Europa wächst zwar zusammen. Beim Zahlungsverhalten unterscheiden sich Länder wie Schweden, Belgien, Deutschland und Bulgarien aber immer noch deutlich.

Rayna Mitkova-Todorova arbeitet in einer wichtigen Branche. Sie gehört zum bulgarischen Inkassoverband ACABG – dessen Mitgliedsunternehmen gut 2,5 Millionen Inkassofälle pro Jahr bearbeiten und der Volkswirtschaft in ihrem Land fast 100 Millionen Euro zurückführen. Gerade in Südosteuropa sind die Forderungsmanager immer wichtiger geworden. „Die viertgrößte Bank Bulgariens ist letztes Jahr pleitegegangen, und die drittgrößte musste zur selben Zeit schwere Liquiditätsschwierigkeiten bewältigen“, erklärt Mitkova-Todorova. Kein Wunder, dass in Bulgarien die Zahlungsmoral im Keller ist. Dabei lief es bis 2008 sogar gut. „Wenn es überhaupt mal zu Zahlungsverzögerungen kam, war der Grund meist, dass die Schuldner ihre Rechnungen schlicht vergessen hatten."

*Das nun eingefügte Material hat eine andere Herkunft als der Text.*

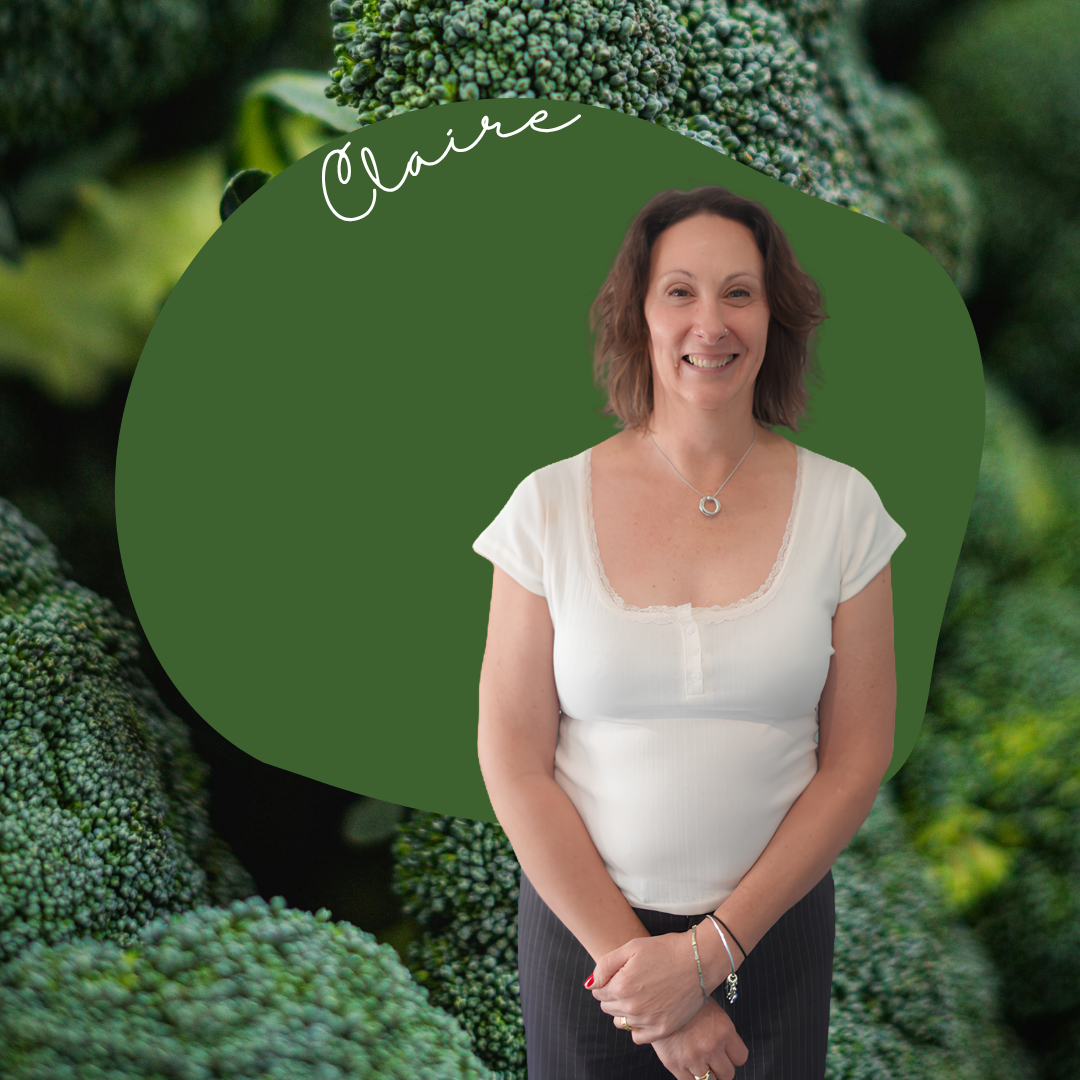Claire with broccoli background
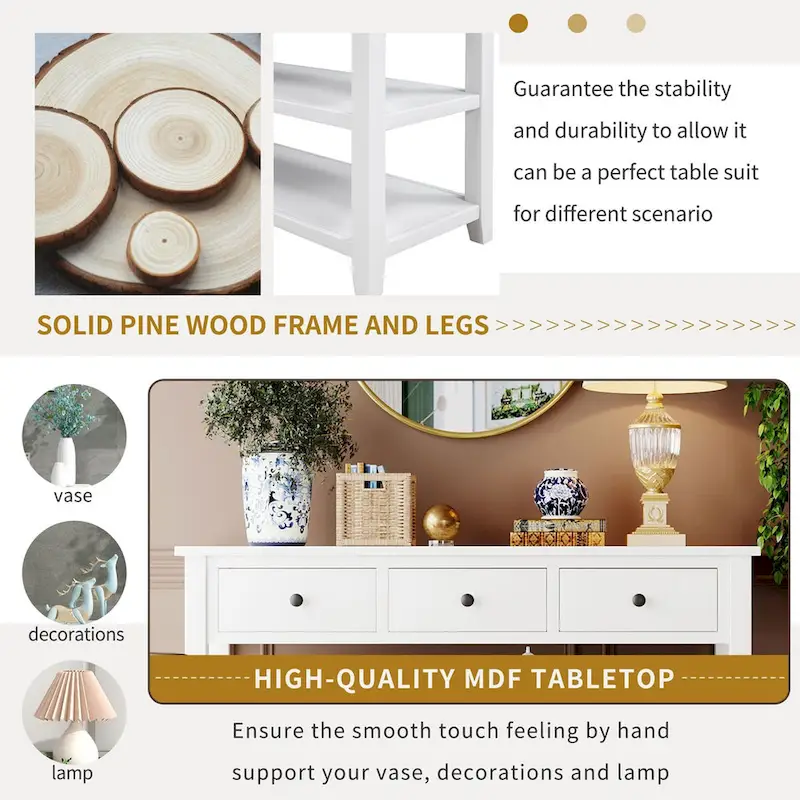 Pine Solid Wood Console Table with Two Open Shelves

Nicht nur in Südosteuropa müssen Gläubiger oft um ihr Geld zittern. Auch in Belgien hat die Rechnungstreue seit der Finanzkrise stark nachgelassen. Gegenüber dem BDIU-Magazin „Die Inkassowirtschaft“ berichtet Etienne van der Vaeren vom belgischen Inkassoverband über wachsenden Bedarf an den Leistungen seiner Branche: „Noch vor fünf Jahren haben uns unsere Kunden etwa zwei bis drei Prozent ihres Umsatzes an B2C-Forderungen zum Einzug übergeben. Heute liegt dieser Anteil bei drei bis vier Prozent.“

Besser läuft es dagegen in Deutschland und Schweden, wie „Die Inkassowirtschaft“ in dieser Ausgabe berichtet.

„Deutsch für Juristen“
Kommunikationstrainer Michael Schmuck erklärt im Interview, wie Juristen auch für Laien verständlich formulieren können. Aber leicht fällt das den Rechtsexperten nicht: „Da vier Juristen bekanntermaßen zehn Meinungen haben und sich mit Vorliebe darüber auseinandersetzen, nutzen sie sprachliche Missverständnisse liebend gern für einen akademischen Disput – statt das Missverständnis aus dem Text zu entfernen und durch eine eindeutige Aussage zu ersetzen“, so Schmuck. In dem Interview finden sich viele Beispiele für „schlechtes“ Juristendeutsch – und praxisnahe Vorschläge dafür, wie man Kompliziertes verständlich darstellen kann.